Collected data entries
_ _ _ _ _

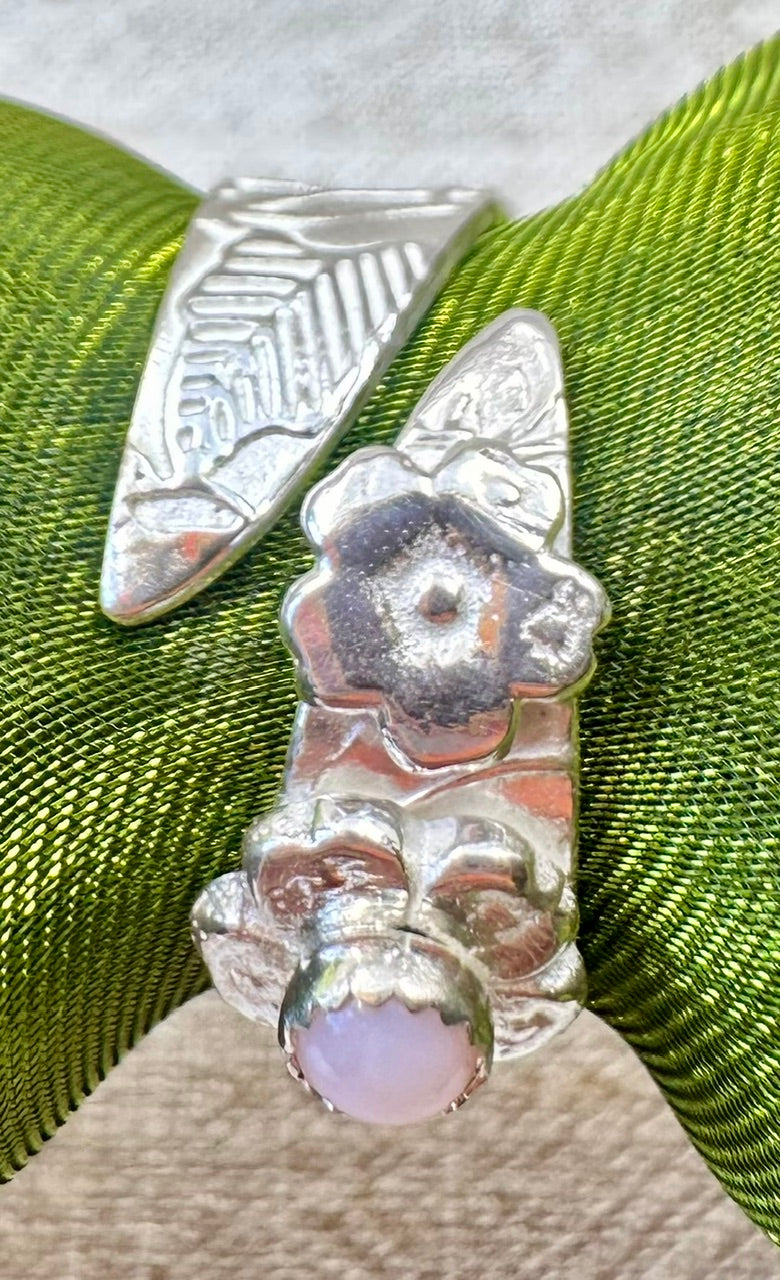 Floral pink opal wrap ring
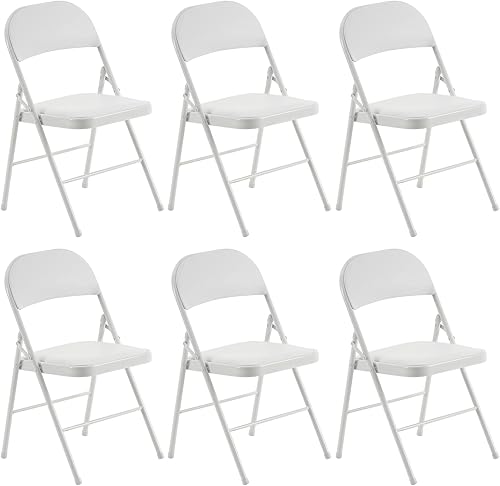 Miniatura 10 de Lykos Juego de 46 sillas plegables de tela, asiento acolchado suave, compacto, de acero, elegante, plegable, de hierro y PVC, para convenciones y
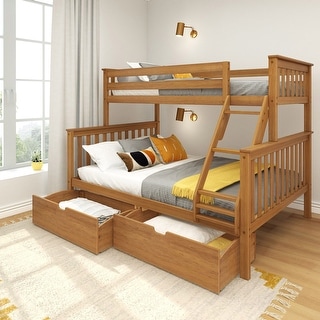 Max and Lily Twin XL over Queen Bunk Bed with Storage Drawers
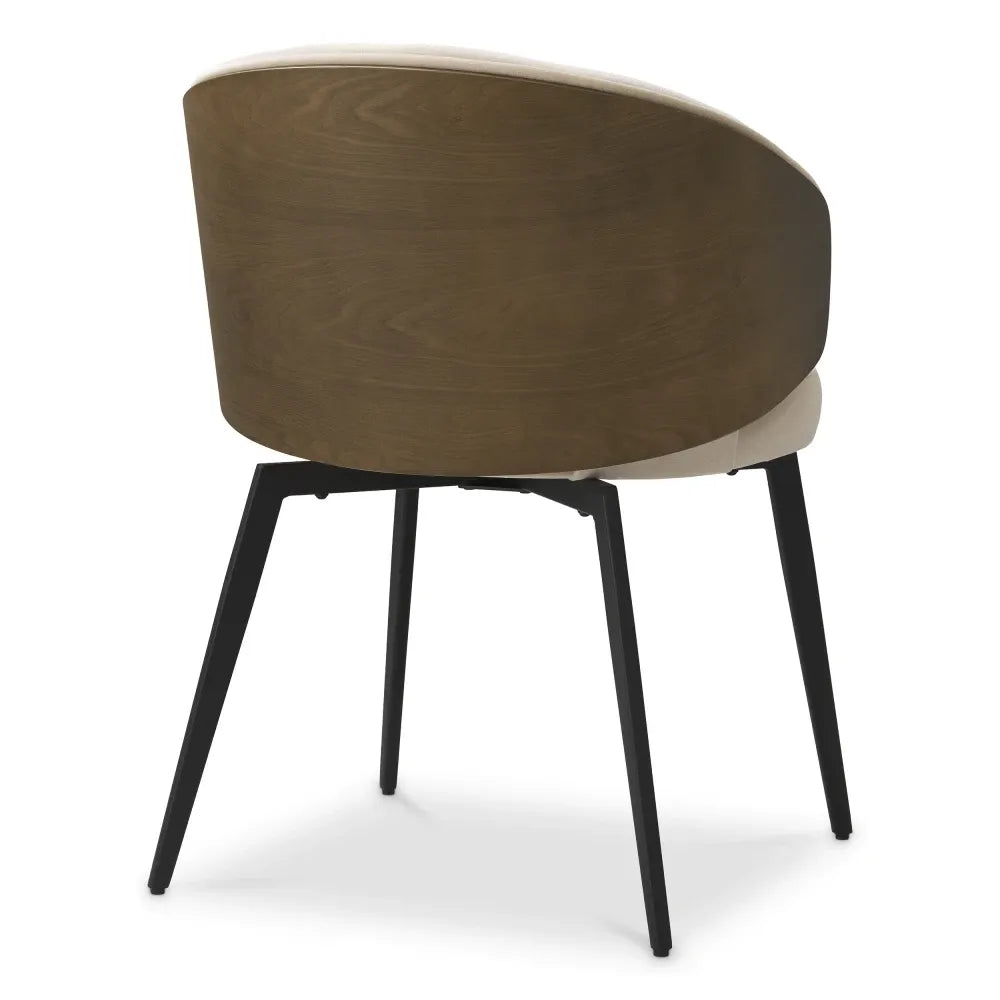 Scaun rotativ tapitat cu Stofa Bej L57xA62xH77cm Camerota Eichholtz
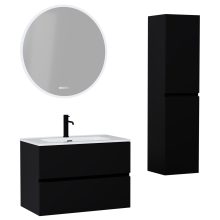 HD Aria Black 60 komplett fürdőszoba bútor szett fali mosdószekrénnyel, fényes fehér slim mosdóval, tükörrel és magasszekrénnyel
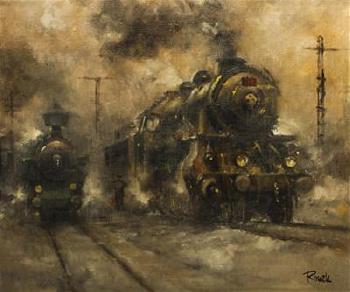 Two Train Engines by 
																	Jaroslav Ronek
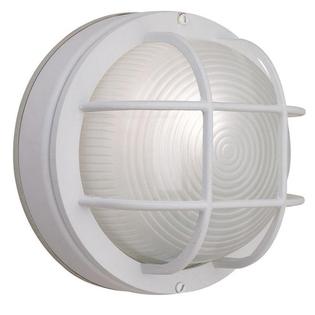 240239 Hampton Bay 1 Light White Outdoor Round Wall Bulkhead White Outdoor Round Wall Bulkhead Light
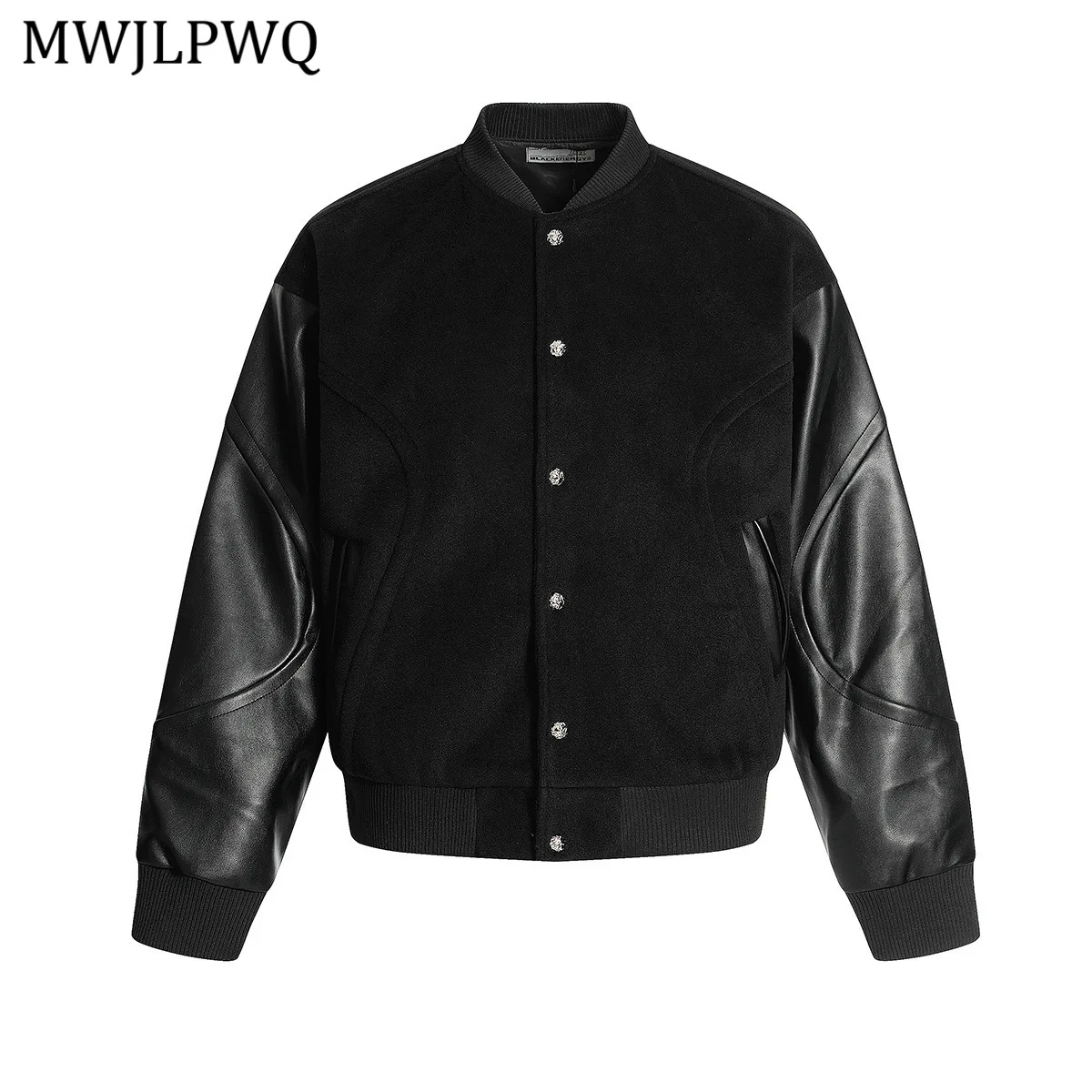 

MWJLPWQ Лоскутная мотоциклетная бейсбольная куртка из искусственной кожи в американском стиле, однобортные свободные повседневные топы, тренд 2023, осень 20931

_ _ _ _ _

(EXERCISE): From the first line through the line with "240239 Hampton Bay", output those lines of the entries above exactly, and nothing else, with the pictures left out.

(ANSWER TO THE PROBLEM):
 Floral pink opal wrap ring
 Miniatura 10 de Lykos Juego de 46 sillas plegables de tela, asiento acolchado suave, compacto, de acero, elegante, plegable, de hierro y PVC, para convenciones y
 Max and Lily Twin XL over Queen Bunk Bed with Storage Drawers
 Scaun rotativ tapitat cu Stofa Bej L57xA62xH77cm Camerota Eichholtz
 HD Aria Black 60 komplett fürdőszoba bútor szett fali mosdószekrénnyel, fényes fehér slim mosdóval, tükörrel és magasszekrénnyel
 Two Train Engines by 
																	Jaroslav Ronek
 240239 Hampton Bay 1 Light White Outdoor Round Wall Bulkhead White Outdoor Round Wall Bulkhead Light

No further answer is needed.